Aggregated from 20 AI/tech sources, de-duplicated, categorized, and summarized by an LLM. Refreshed every 6 hours.

## …
GET /models.md

The model leaderboard as Markdown — agent-friendly mirror of /api/models. Content-Type: text/markdown.

No parameters.

curl -s "https://whatstrending.ai/models.md"
const res = await fetch('https://whatstrending.ai/models.md');
const text = await res.text();
console.log(text);
import requests
r = requests.get('https://whatstrending.ai/models.md')
print(r.text)
https://whatstrending.ai/models.md
Sample response
# AI Model Leaderboard — whatstrending.ai

Ranked by live token throughput via OpenRouter. Refreshed every 6 hours.
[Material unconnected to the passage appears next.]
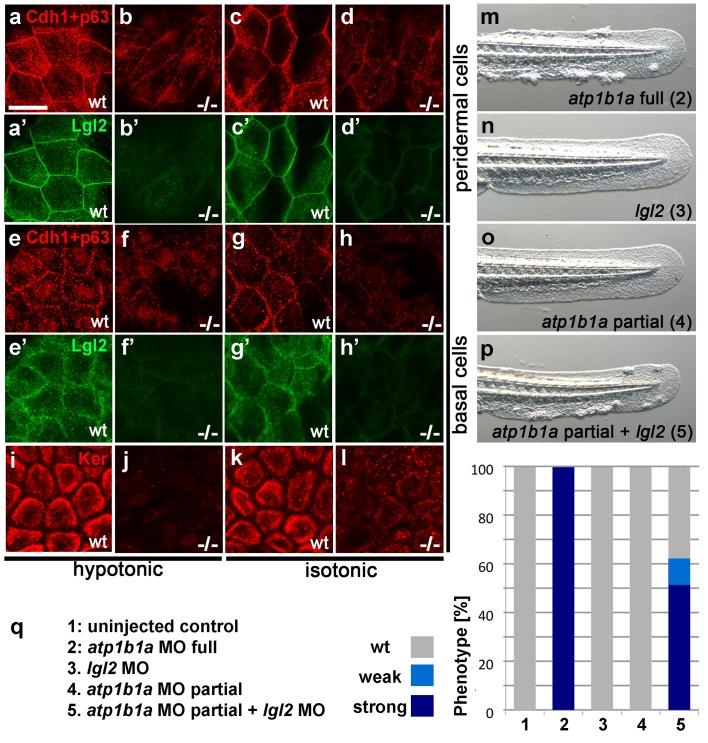 https://cdn.ncbi.nlm.nih.gov/pmc/blobs/8709/4973367/68bde58269bd/elife-14277-fig7.jpg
| # | Model | Provider | … |
GET /llms.txt

The llms.txt site map for LLMs — a structured plaintext index pointing agents at the Markdown mirrors and key pages. Also at /.well-known/llms.txt.

No parameters.

curl -s "https://whatstrending.ai/llms.txt"
const res = await fetch('https://whatstrending.ai/llms.txt');
const text = await res.text();
console.log(text);
import requests
r = requests.get('https://whatstrending.ai/llms.txt')
print(r.text)
https://whatstrending.ai/llms.txt
Sample response
# whatstrending.ai

> AI intelligence dashboard: news, model rankings, repos, tools.

## Data for agents
- [News (Markdown)](https://whatstrending.ai/news.md)
- [Models (Markdown)](https://whatstrending.ai/models.md)
GET /sitemap.xml

Full XML sitemap of every indexable page. Content-Type: application/xml.

No parameters.

curl -s "https://whatstrending.ai/sitemap.xml"
const res = await fetch('https://whatstrending.ai/sitemap.xml');
const text = await res.text();
console.log(text);
import requests
r = requests.get('https://whatstrending.ai/sitemap.xml')
print(r.text)
https://whatstrending.ai/sitemap.xml
Sample response
<?xml version="1.0" encoding="UTF-8"?>
<urlset xmlns="http://www.sitemaps.org/schemas/sitemap/0.9">
  <url><loc>https://whatstrending.ai/</loc></url>
  …
</urlset>

Rate limits & fair use

No hard rate limit today — please be reasonable. The underlying data only changes every ~6 hours, so cache responses and avoid hammering on a loop. Responses are already edge-cached; one request per few minutes per endpoint is plenty. Heavy or abusive traffic may be throttled.

For AI agents

Building an agent or LLM tool? Skip the JSON parsing — point your model at the Markdown mirrors and discovery file: /news.md, /models.md, and /llms.txt. They are token-efficient, human-readable, and refreshed on the same 6-hour cycle.

Source & issues: github.com/0xvibly/whatstrending-api.